__Work to complete__: Beginning at the line that holds "全球十大体育明星全方位排名揭晓运动传奇的光辉瞬间" and continuing to the last line of the data below, transcribe every line word for word, without pictures.

[Scraped caption text data]
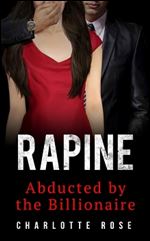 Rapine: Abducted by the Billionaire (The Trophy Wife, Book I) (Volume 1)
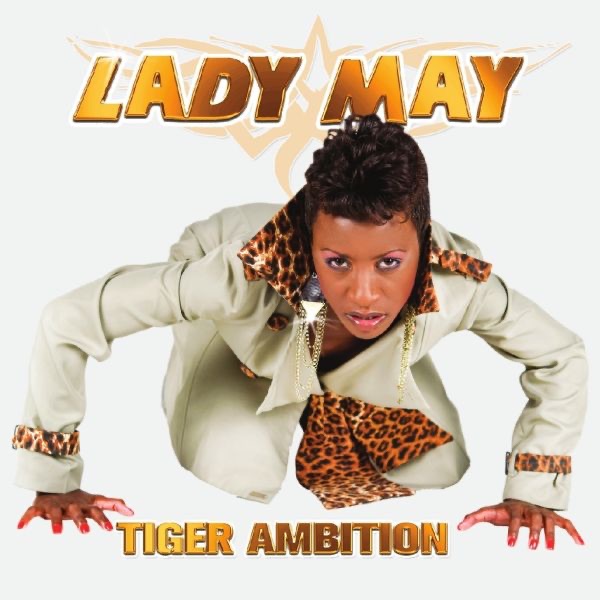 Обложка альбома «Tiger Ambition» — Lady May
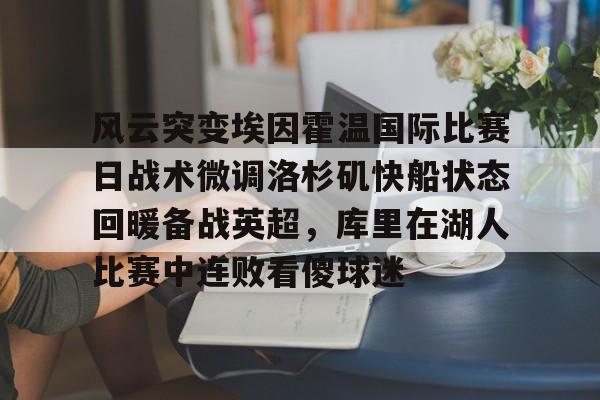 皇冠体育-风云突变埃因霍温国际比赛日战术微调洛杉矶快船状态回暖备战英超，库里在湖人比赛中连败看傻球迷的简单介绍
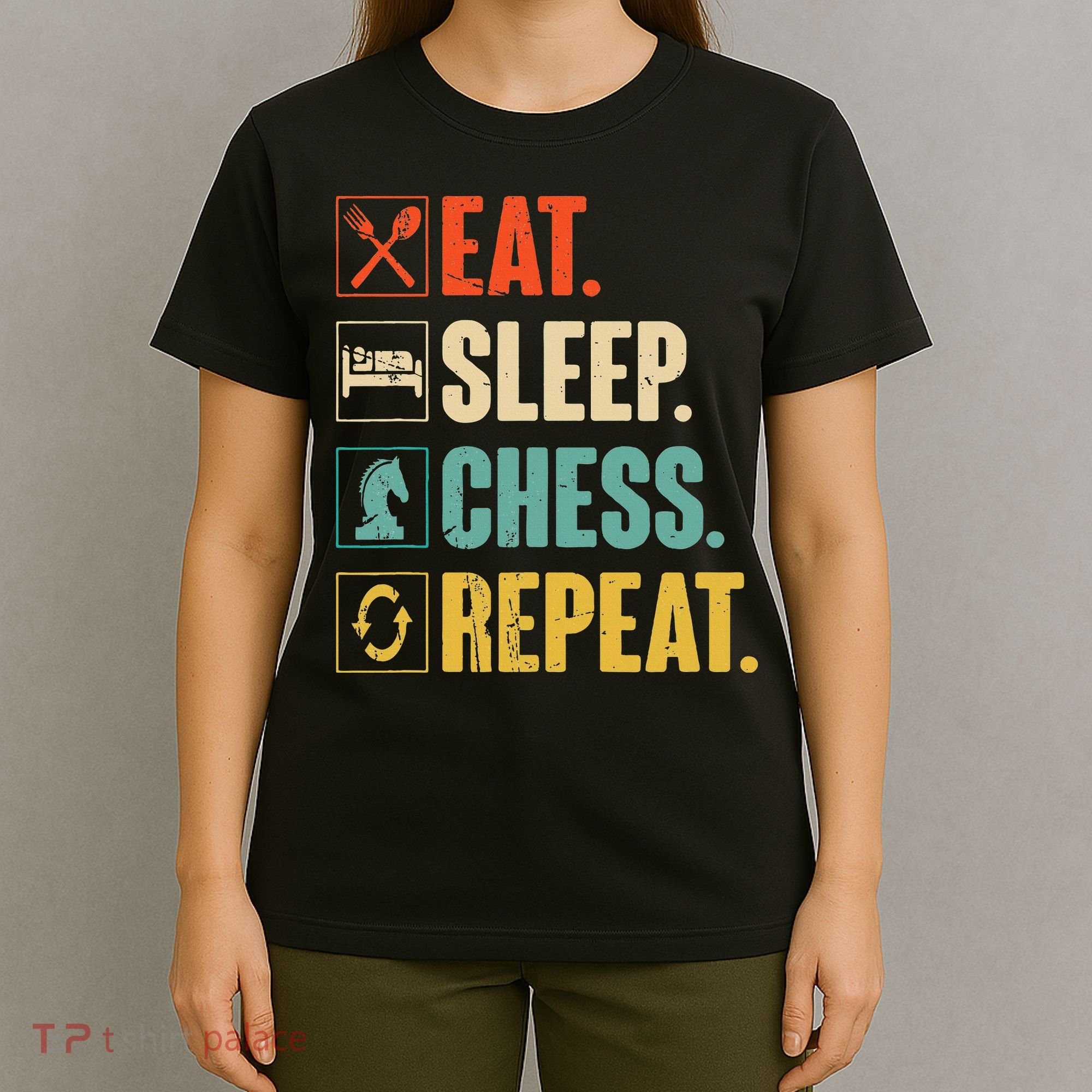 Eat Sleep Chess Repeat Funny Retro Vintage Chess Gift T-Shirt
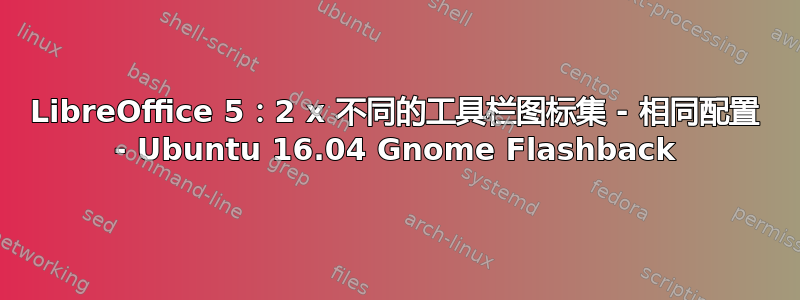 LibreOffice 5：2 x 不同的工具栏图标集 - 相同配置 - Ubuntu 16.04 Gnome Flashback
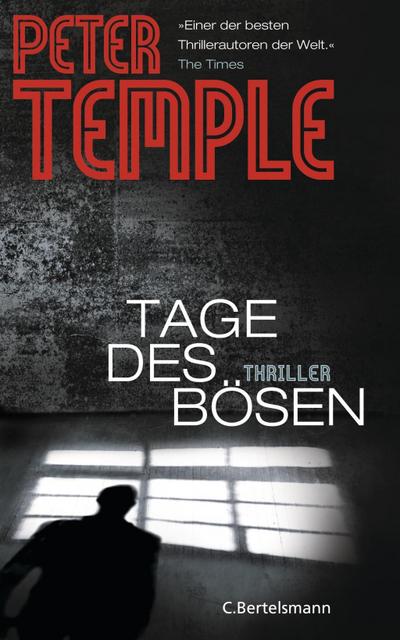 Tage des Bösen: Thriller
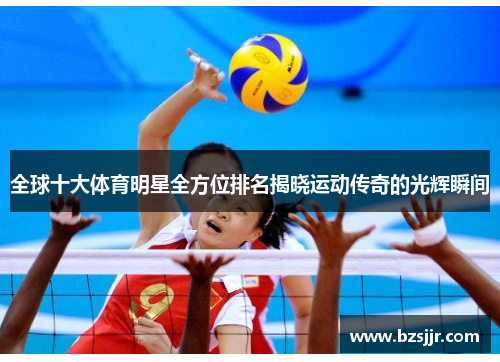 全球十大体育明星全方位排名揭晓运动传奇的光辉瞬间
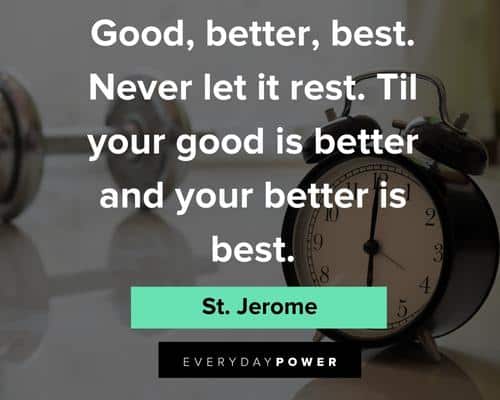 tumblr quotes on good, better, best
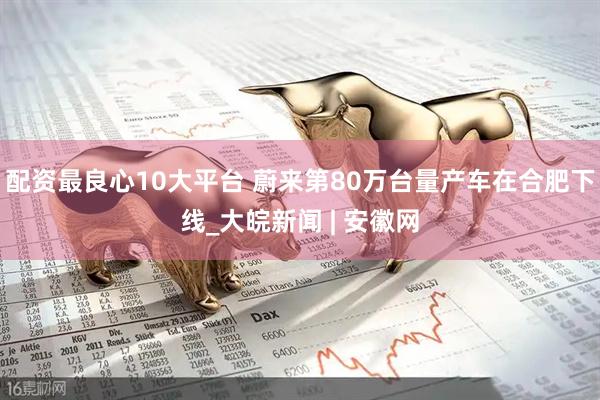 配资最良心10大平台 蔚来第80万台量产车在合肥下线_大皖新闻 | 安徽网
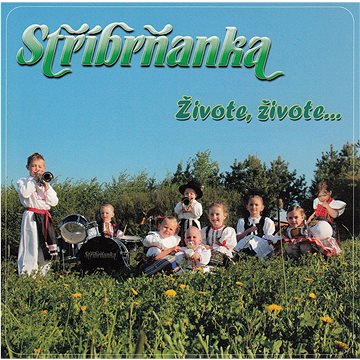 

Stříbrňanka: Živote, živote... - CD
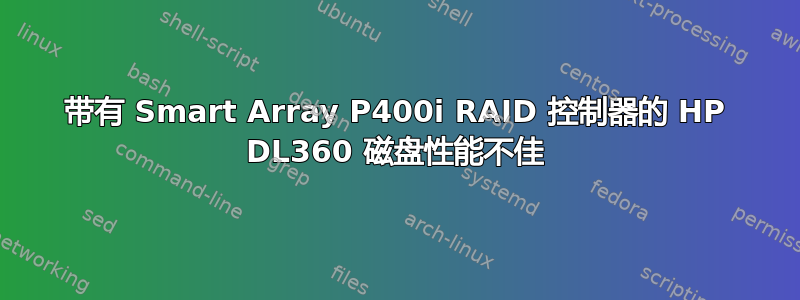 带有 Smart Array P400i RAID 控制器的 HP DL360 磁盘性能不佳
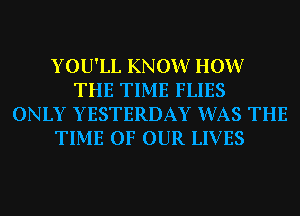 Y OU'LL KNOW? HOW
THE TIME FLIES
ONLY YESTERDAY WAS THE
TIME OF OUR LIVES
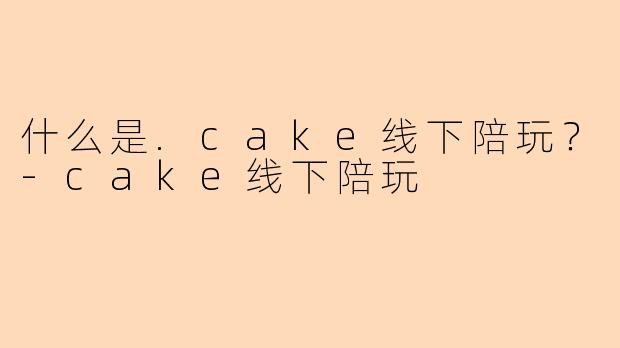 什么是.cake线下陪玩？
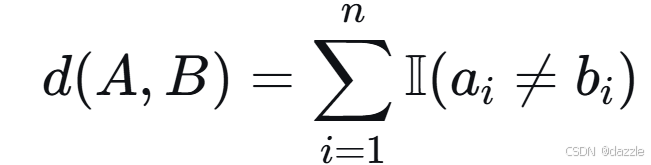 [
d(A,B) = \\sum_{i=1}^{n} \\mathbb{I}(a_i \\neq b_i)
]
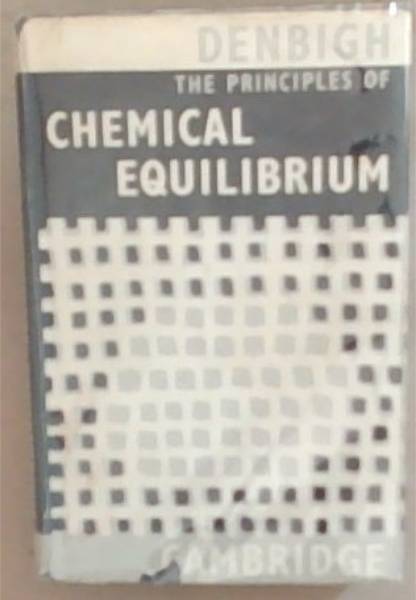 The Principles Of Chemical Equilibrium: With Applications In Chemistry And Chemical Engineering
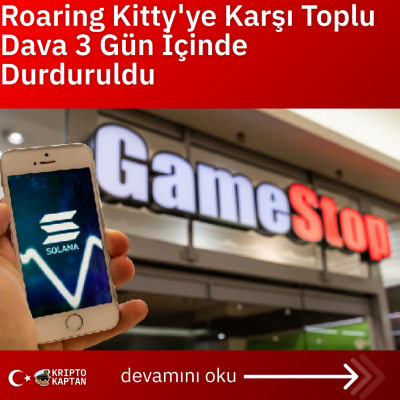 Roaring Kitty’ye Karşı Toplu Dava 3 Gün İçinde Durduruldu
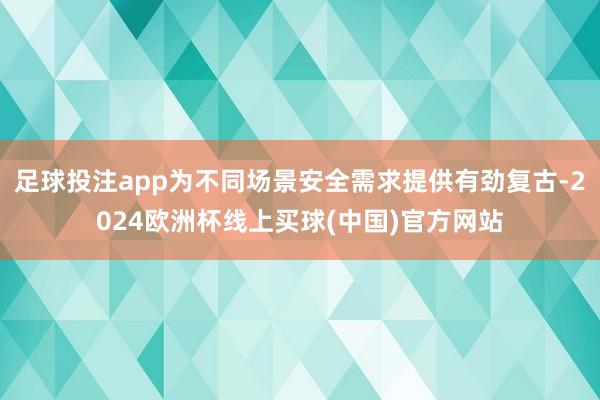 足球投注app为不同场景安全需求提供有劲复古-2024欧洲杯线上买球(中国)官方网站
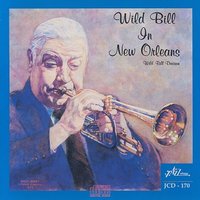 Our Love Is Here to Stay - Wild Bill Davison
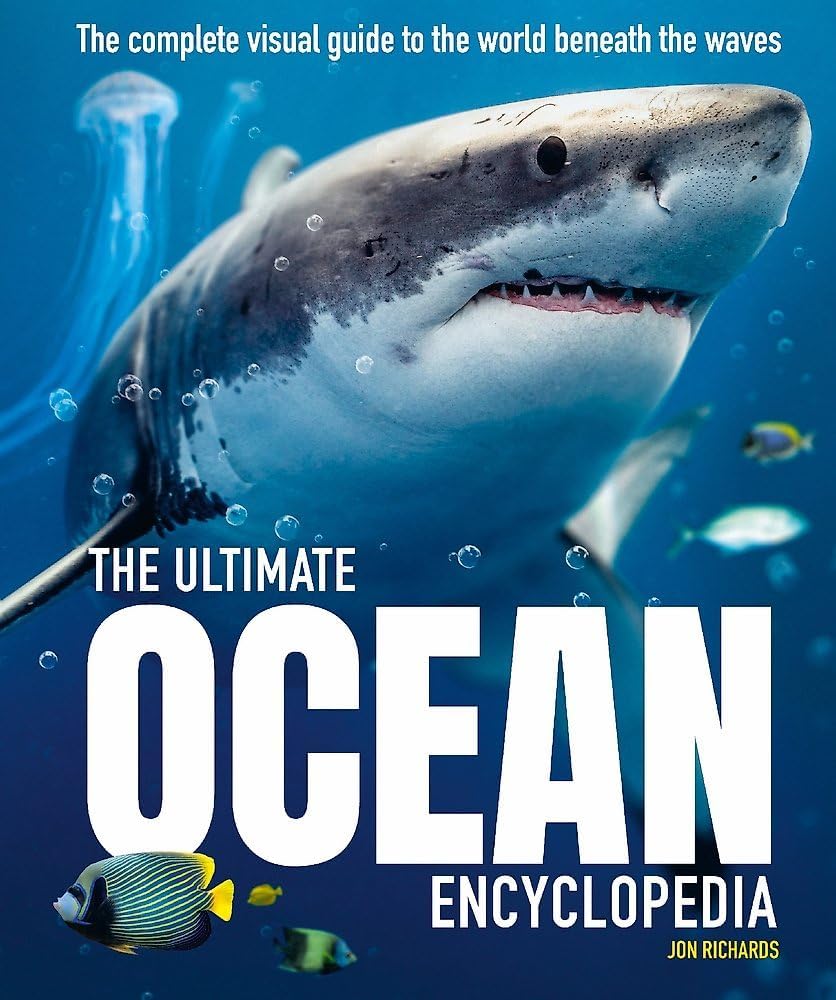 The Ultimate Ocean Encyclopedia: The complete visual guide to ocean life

__Task answer__:
 全球十大体育明星全方位排名揭晓运动传奇的光辉瞬间
 tumblr quotes on good, better, best
 配资最良心10大平台 蔚来第80万台量产车在合肥下线_大皖新闻 | 安徽网

Stříbrňanka: Živote, živote... - CD
 带有 Smart Array P400i RAID 控制器的 HP DL360 磁盘性能不佳
 Y OU'LL KNOW? HOW
THE TIME FLIES
ONLY YESTERDAY WAS THE
TIME OF OUR LIVES
 什么是.cake线下陪玩？
 [
d(A,B) = \\sum_{i=1}^{n} \\mathbb{I}(a_i \\neq b_i)
]
 The Principles Of Chemical Equilibrium: With Applications In Chemistry And Chemical Engineering
 Roaring Kitty’ye Karşı Toplu Dava 3 Gün İçinde Durduruldu
 足球投注app为不同场景安全需求提供有劲复古-2024欧洲杯线上买球(中国)官方网站
 Our Love Is Here to Stay - Wild Bill Davison
 The Ultimate Ocean Encyclopedia: The complete visual guide to ocean life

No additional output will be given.